To increase the precision of the relationships, this space is not limited to the usual three dimensions. Instead, the software tracks the vectors through hundreds of dimensions.
“Thus, after a while, the model recognizes that, for example, ‘sanctions’ and ‘Brussels’ and ‘negative’ are closely related,” Wendiggensen explains. “By calculating the relationship vectors, we can apply mathematics to words.”
By the conclusion of this phase, ML model identified the same top three topics as the ones Novak had found.

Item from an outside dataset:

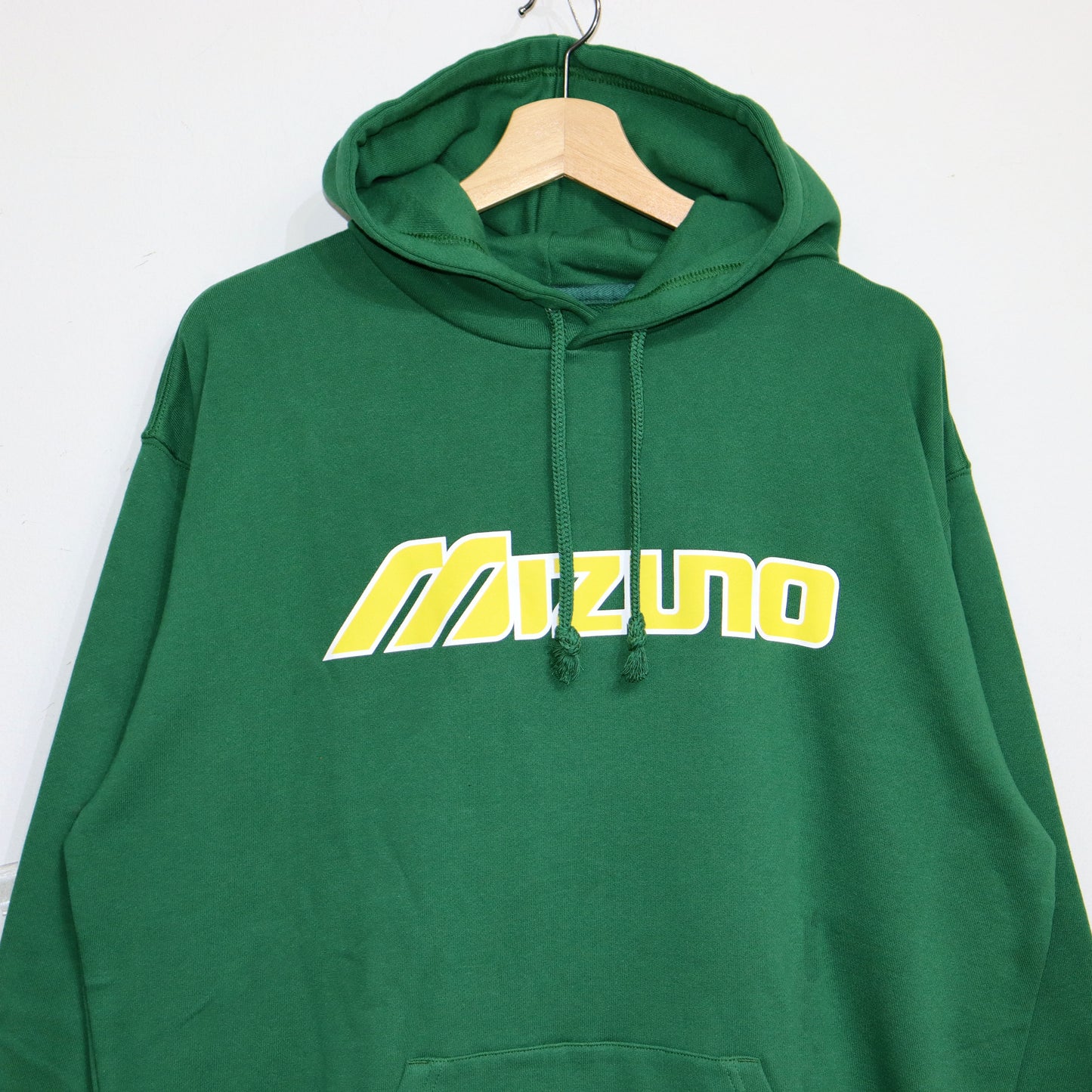 New Vintage Golf：MIZUNO Cls Logo Hoody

“The goal in working out the machine learning model was to make similarities mathematically expressible and thus statistically reliable,” Wendiggensen says.
Putin Good, EU Bad
In the second phase of his research, Wendiggensen gave the software opposing words, such as “good” and “bad” or “evil” and “benign.” Based on this human-introduced, scored-target dimension, the ML model assigned a score to each article. The ML model did not look at individual words to calculate the score; rather, it worked with sentences to establish relationships among them. The model keeps the statements of the individual sentences as meta-information, so even thoughts spanning several sentences could be captured and scored in their entirety.
The tipping point for pro-Russian coverage arrived in mid-September 2021, Wendiggensen says. The software takes just 15 minutes to evaluate polarity, allowing researchers to keep checking on the media landscape.

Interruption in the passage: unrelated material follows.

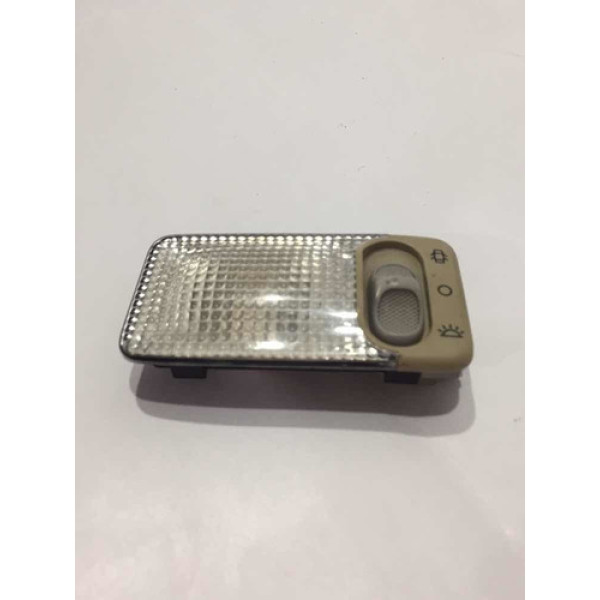 Luz Teto Cortesia Traseiro Citröen C3 13/16 #32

“Even today, the three topics are still dominant,” Wendiggensen says. “No other topic discussed in Hungarian media accounts for more than 15% of all articles on Ukraine.”
One of the reasons why pro-Russian messages were able to get so entrenched is because Hungary lacks media pluralism, meaning the ability to get different viewpoints from different media outlets. The current government directly and indirectly controls all reporting — the state-owned media holding company MTVA controls all public broadcasting stations, for example. Government-friendly companies own regional press outlets and a central holding organization coordinates all of the 500 or so pro-government media companies.

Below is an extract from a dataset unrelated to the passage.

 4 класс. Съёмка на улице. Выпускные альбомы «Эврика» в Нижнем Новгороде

Up Next: Videos, Long-Term Monitoring
While the narratives on arms supply and ethnic minorities largely correspond to the Russian propaganda, the Hungarian media added a bit of local color to the topic of sanctions. Possible and actual sanctions against Russia were used to explain away the poor state of the Hungarian economy.
In the next step, the researchers also want to process videos published by Hungarian TV stations. They already have a good 8,000 hours of moving images, with narration scripts transcribed by software. This increased the word collection by 60 million.
Subsequently, Novak and Wendiggensen want to turn to transnational reporting on pan-European right-wing networks. This will not remain a mere media analysis. Rather, anti-European narratives disseminated by political representatives will also be considered.
“Our ultimate goal is to create a dataset that other researchers can analyze at will,” Wendiggensen says.
Based on such a structured collection of published words and phrases, it would be possible, for example, to track how messages change over time. Or answers could be found to questions, such as, “Do media lose their liberality when the domestic economy is doing worse?”
“We want to make theoretical relationships measurable,” Wendiggensen says.